The woman whose allegations sparked the inquiry leading to Damian Green’s sacking is considering legal action or complaining to the press regulator after “inaccurate” text messages between her and the former cabinet minister were leaked.
Kate Maltby said she has been “forced to consider all recourse” after the Mail on Sunday published messages between her and Mr Green, sent after the Conservative MP had allegedly acted inappropriately towards her.
In a series of tweets, the journalist said “for technical reasons” some of the texts could “only have been released by Damian Green” and they have been “crudely edited” to suit the former first secretary of state.
Mr Green reportedly denies any involvement in the leaking of the messages.
Ms Maltby sparked a Cabinet Office inquiry into Mr Green, who is three decades older than her, by claiming he “fleetingly” touched her knee during a meeting in a pub in 2015, and a year later sent her a “suggestive” text message after she was pictured wearing a corset in a newspaper.
That led to Theresa May sacking her de facto deputy after he made “misleading” statements about subsequent and separate allegations that police found pornography on computers in his parliamentary office in 2008.
Reporting the probe’s findings, Cabinet Secretary Sir Jeremy Heywood said that with “competing and contradictory accounts of what were private meetings” it was “not possible to reach a definitive conclusion on the appropriateness of Mr Green’s behaviour with Kate Maltby in early 2015, though the investigation found Ms Maltby’s account to be plausible”.
Text messages seen by the Mail on Sunday suggest Ms Maltby sent texts to Mr Green this year, which appeared friendly in tone and included one in February which said “hope to catch up when things calm down”.
Mr Green reportedly replied: “They never do so let’s fix a date soon”, to which Ms Maltby is said to have replied: “Great. Night night.”
Ms Maltby alleged the original messages passed to the newspaper had left out Mr Green’s invitation to “fix a date”, and that this was only included after she was asked to respond to the story before publication.

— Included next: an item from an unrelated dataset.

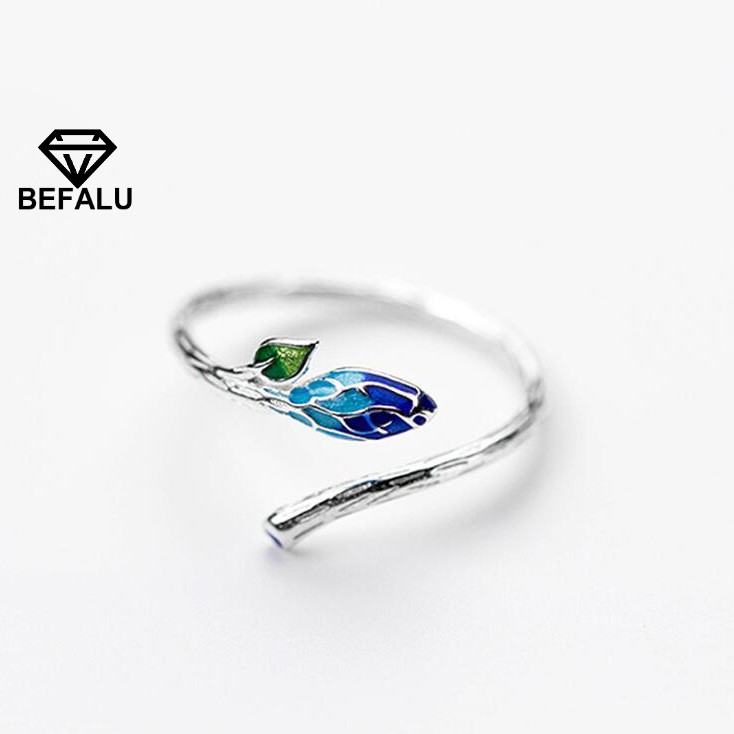 Nhẫn Nữ Cá Tính Bạc 925 Mầm Lá Phong Cách Hàn Quốc N42 Freesize - BEFALU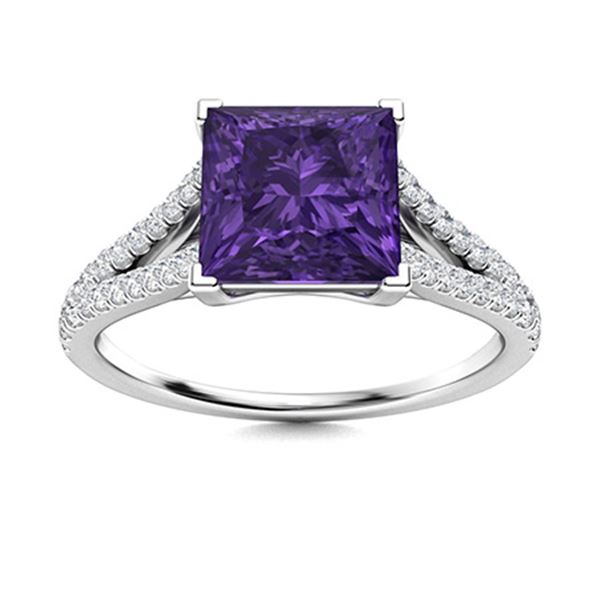 Natural 1.38 CTW Amethyst & Diamond Engagement Ring 14K White Gold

In another message on July 13 after the Spectator magazine’s summer party, Ms Maltby reportedly tells Mr Green one of his aides has been “smooching the room” on his behalf.
But Ms Maltby claimed she had “never, ever used the word ‘smooching’. That is a lie”.

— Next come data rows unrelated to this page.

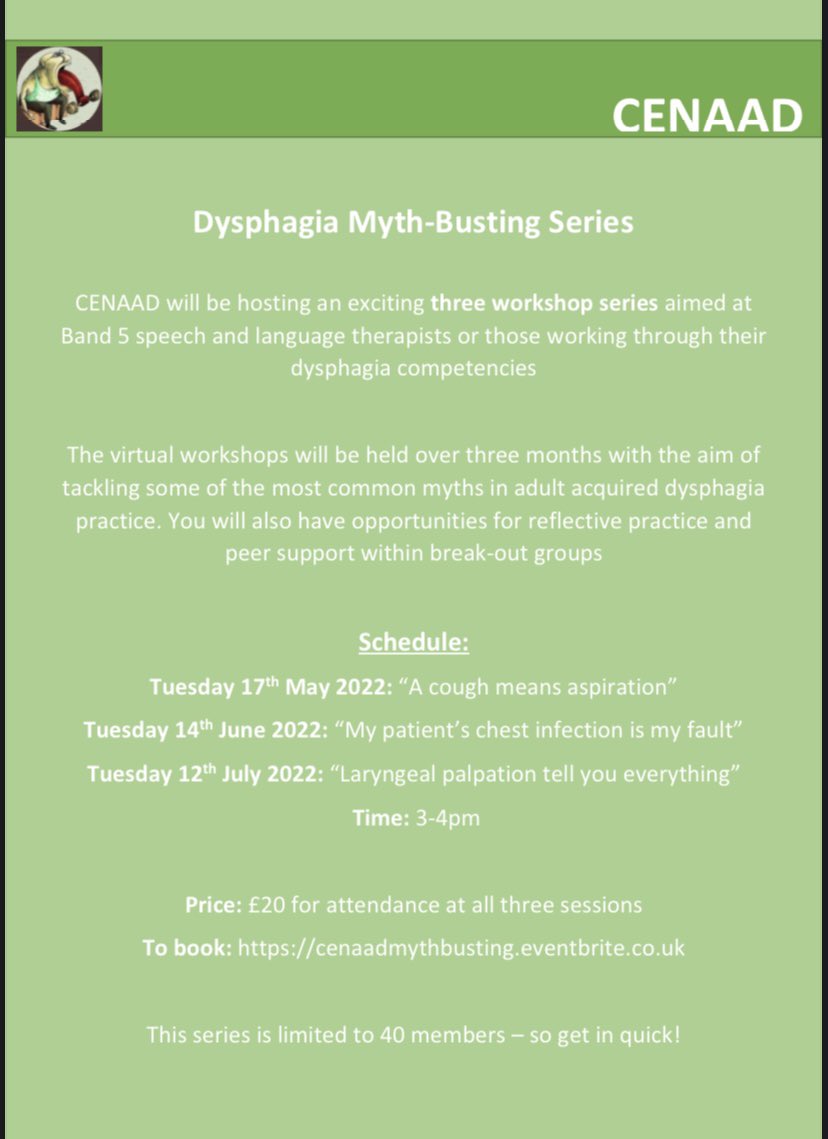 DYSPHAGIA MYTH BUSTING SERIES 

THREE <a href="/CEN_AAD/">CENAAD</a> workshop series for SLTs developing FOUNDATIONAL dysphagia knowledge for just 20🤭

✅ Case study discussions
✅ No answers left unanswered
✅ Up your indirect dysphagia hrs 

For info, objectives &amp; booking 👉🏻tinyurl.com/2pzpj5pm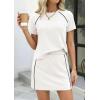imagePRETTYGARDEN Womens 2026 Summer 2 Piece Skirt Sets Short Sleeve Shirts Tops Skorts Matching Workout Clothes Travel OutfitsWhite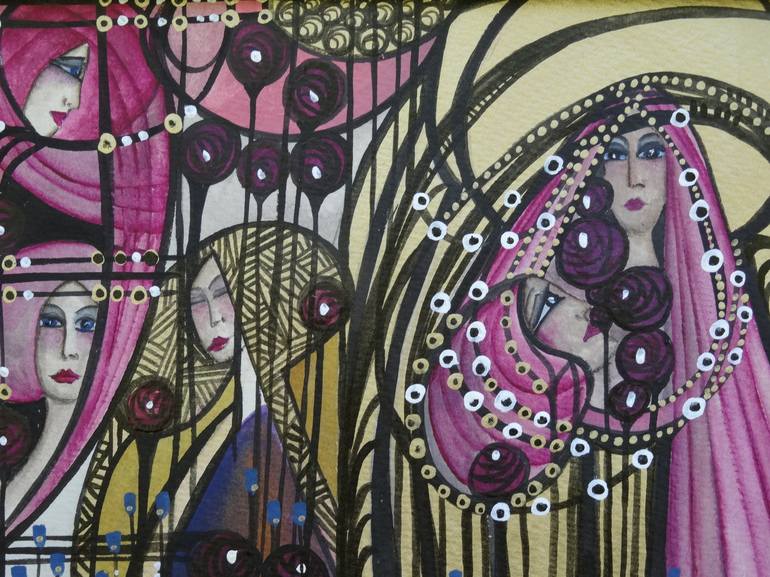 Original Art Deco Fantasy Painting by Leyla Salm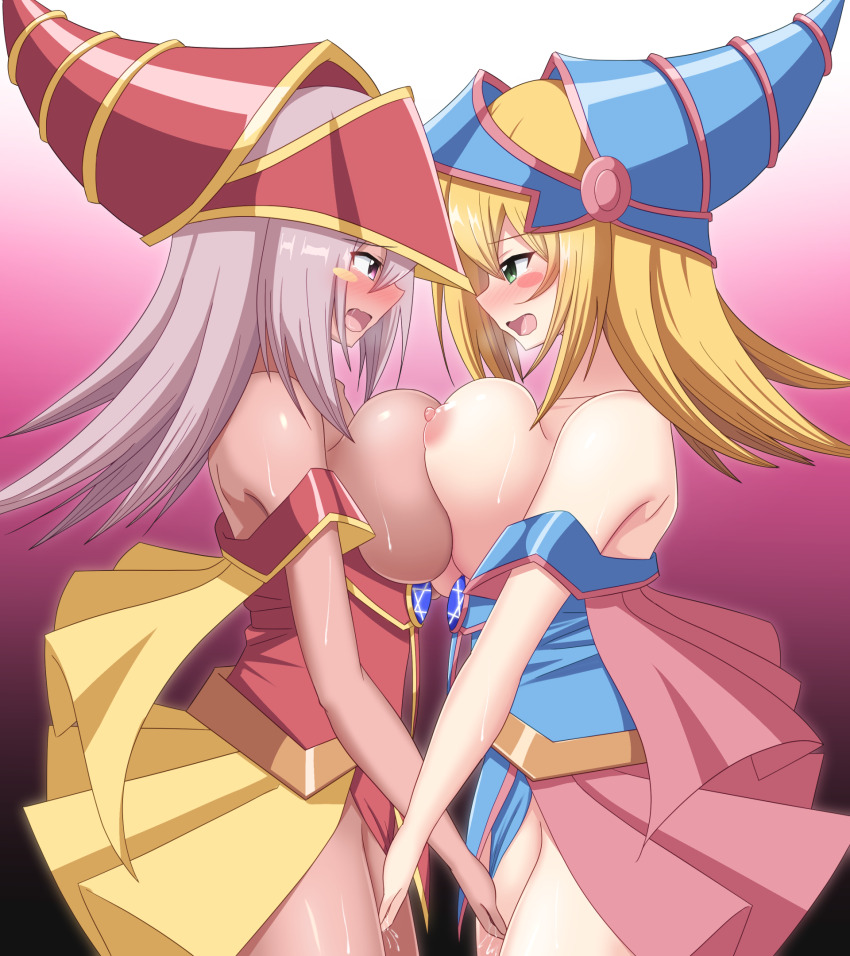 2girls blonde_hair blush blush_stickers breast_fight breast_press breasts breasts_out clothed_sex dark-skinned_female dark_magician_girl dark_skin dual_persona duel_monster female_ejaculation fingering fingering_each_other green_eyes grey_hair hexagram highres huge_breasts long_hair multiple_girls nipples open_mouth orgasm paradox_1818 pink_eyes selfcest sex_fight standing star_of_david sweat symmetrical_docking tagme vaginal yu-gi-oh! yuri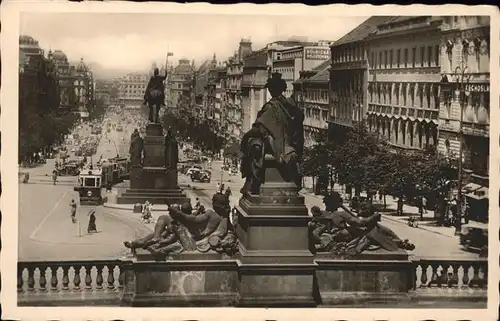 Prag Prahy Prague Vaclavske namesti Wenzelsplatz Mahnmal Reiterdenkmal Skulptur Strassenbahn Kat. Praha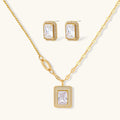 Emerald Cut Halo Jewellery Set by Averuna Jewellery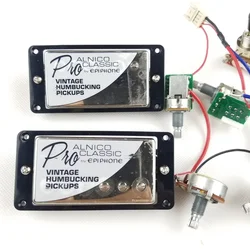 NEW Chrome Standard Pro Alnico Classic Electric Guitar Humbucker Pickups with Pro Wiring Harness silver Cover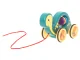 Bērnu Koka Velkamā Rotaļlieta Pārvietojams Bruņurupucis | Wooden Kids Rattle Pull Along Toy with Rope Turtle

She also accused the newspaper of failing to publish her response to the story in full, adding in a series of tweets: “I had really, really wanted to switch off for Christmas and make no further comment on the matter of Green. But the Mail on Sunday have printed text messages today purporting to be from me that are inaccurate and attribute words I have not used.”
Ms Maltby added: “I keep being asked if the answer is more press regulation. As a libertarian, I say no. I wrote this to a newspaper yesterday who asked me about Leveson. But after declining all legal & IPSO (Independent Press Standards Organisation) options on principle for the last 8 weeks, I am now forced to consider all recourse.”
Mr Green’s allies were accused of launching a “dirty tricks” campaign after the messages were leaked.
Tory former minister Anna Soubry told the Sunday Times: “It appears that Green’s allies barely paused for breath after he apologised for the distress caused to Kate Maltby before launching an attack.
“It smacks of a dirty ticks campaign and is unhelpful to the Government when it is still dealing with the fallout of the Westminster scandal.”
On Friday, Mrs May said the first she knew about allegations of inappropriate conduct by Mr Green was when she read about them in the press in October.
It came after the Daily Telegraph reported that Ms Maltby told a Downing Street aide about her allegations against Mr Green in September 2016, and she was informed it was part of a pattern of behaviour, and that “the Prime Minister knows”.
Labour MP Jess Phillips tweeted: “The rhetoric that says nothing bad can have happened because a woman carried on sending messages, forgets the fact the most violence against women is done by people they live with. You might as well say ‘she was asking for it’.”
The Mail on Sunday said: “We invited Ms Maltby to check the accuracy of the text exchanges we were shown. We made the changes she requested.”